Showing this a bit more visually:

![Dimension indexing](img/numpy-selection.png)

## Indexing Slices

Just as with Python lists, each dimension may contain a slice into the data.  The Python syntax of `[<start>:<stop>:<step>]` applies here, including each component being optional.  As with Python lists, negative indices, and negative steps, are permitted to count from the end rather than the start.

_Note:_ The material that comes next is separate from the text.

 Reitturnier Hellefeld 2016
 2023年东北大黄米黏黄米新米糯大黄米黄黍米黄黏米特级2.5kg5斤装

Visualization of selecting a row:

![Row indexing](img/numpy-row.png)

Visualization of selecting a column:

![Col indexing](img/numpy-col.png)

## Indexing Regions

By extension of the above principles, we can also select a *region* of an array.  For example:

In [None]:
# A 4x5 array
arr = np.arange(20).reshape(4, 5)
print("The 4x5 array:")
print(arr)

# Select a middle section of the array
print("\nA 2x2 view of the middle:")
print(arr[1:3, 2:4])

## Assigning to Regions

In the first module, we saw examples of assigning one value into an array.  We can also assign multiple values into regions.  In some cases, this will involve a concept we will look at later, called *broadcasting*.

In [None]:
arr = np.arange(20).reshape(4, 5)
arr[1:3, 2:4] = np.random.randint(100, 200, size=4).reshape(2, 2)
arr

In [None]:
arr = np.arange(20).reshape(4, 5)
arr[1:3, 2:4] = 999   # Just a scalar?
arr

## Ellipsis and Open Ranges

Sometimes you would like to select all the index positions in some dimension(s).  Doing this is not different than with plain Python lists, just with the extra commas to separate dimensions.

In [None]:
# Create a 3-D array
arr = np.linspace(10., 47/3, 18).reshape(2, 3, 3)
print(arr)

In [None]:
# One panel, some columns, all rows
arr[1, :, 1:3]

In [None]:
# One panel, all columns, all rows
arr[0, :, :]

In [None]:
# All panels, all columns, one row
arr[:, :, 2]

A special symbol allow you to select "all available" dimensions over a range. In principle this allows you to do a similar operation without knowing the exact number of dimensions of a given array (but it is only infrequently needed or desirable).

In [None]:
# All first dimensions, one row
arr[..., 2]

In [None]:
# One from first dimension, all in subsequent dimensions
arr[1, ...]

# Exercises

The exercises below can each be done with a provided Python object.  These objects have a few properties.  Simply echoing the object in a cell produces a "pretty" display that may emphasize some aspect of the data of interest.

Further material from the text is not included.